In a typical router platform, there are one or more control cards and multiple line cards. These router platforms are used to manage subscriber sessions. A subscriber session is a communications session between two endpoints such as a mobile device or computing device. A subscriber session is managed by the router platform using two entities, a control plane entity and a data plane entity. The control plane entity is implemented in a control card. The data plane entity is implemented in a line card. The control plane entity is set up first and is invoked by application-specific protocol signaling messages from the endpoints. The control plane entity can perform functions including user authentication, authorization, accounting and user address allocation.
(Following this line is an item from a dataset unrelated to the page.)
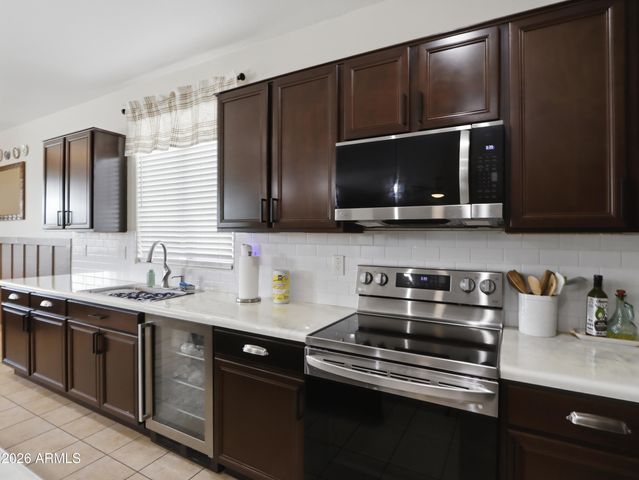 12210 W WINSLOW Avenue, Tolleson, AZ 85353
The data plane entity is set up at a line card or across line cards and services data packets from subscriber sessions that are assigned or provision to it by the control plane. These services can include routing the subscriber session, quality of service enforcement, access control list implementation, packet filtering and packet counting. Subscriber sessions are typically provisioned to a line card in the sequence that they are set up by the control card.
Router platforms can serve as Packet Data Network gateways (PGWs), serving gateways (SGWs), or combined gateways (PGW and SGW) for evolved packet systems (EPSs). Subscriber sessions can be created for mobile users or “user equipment.” These subscriber sessions are normally in one of two states, idle or active. When a subscriber session is idle, there is no radio traffic channel allocated for the user equipment and there is no uplink traffic from the user equipment. When a subscriber session is active, there is either radio traffic channel allocated to the user equipment or there is uplink traffic from the user equipment.
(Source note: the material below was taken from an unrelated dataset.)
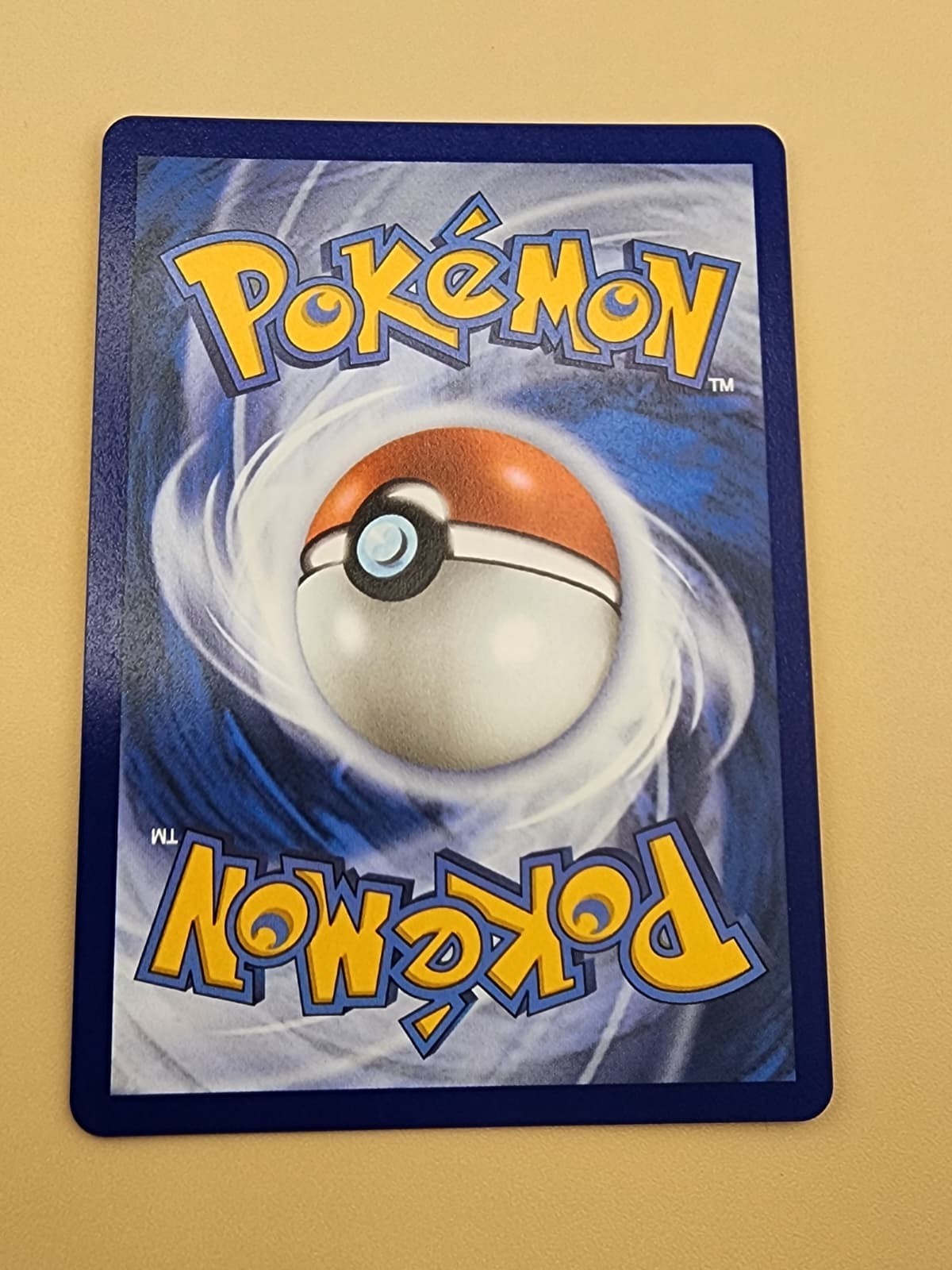 Chimchar 041 Me: Mega Evolution Promo Holo Near Mint NM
Subscriber sessions are distributed to all line cards in a router platform by a load balancing algorithm. Load balancing algorithms attempt to evenly distribute a load across all available line cards. If a line card is lost due to a software failure or a hardware failure of the line card, all sessions on the lost card must be redistributed or reprovisioned to other active line cards or the services provided to the subscriber sessions assigned to these cards are lost. Line cards typically service a large number of subscriber sessions.
In response to detection of a lost line card, the control card is responsible for handling this event. The control card may do nothing, in which case all subscriber sessions are lost, requiring that the user equipment reinitiate the connection which would then be provisioned to a new, different line card. In other cases, a control card tends to redistribute and reprovision the subscriber sessions to remaining active line cards. However, this is done by either a random order or based on a time sequence associated with the subscriber sessions (e.g., the time each subscriber session was established).
Similarly, if a control card detects a new line card, the control card either responds to this event by only including the new line card in the provisioning process and load-balancing process for new subscriber sessions or the control card attempts to redistribute subscriber sessions from active line cards to the new line cards, but this results in packet loss for the moved subscriber sessions.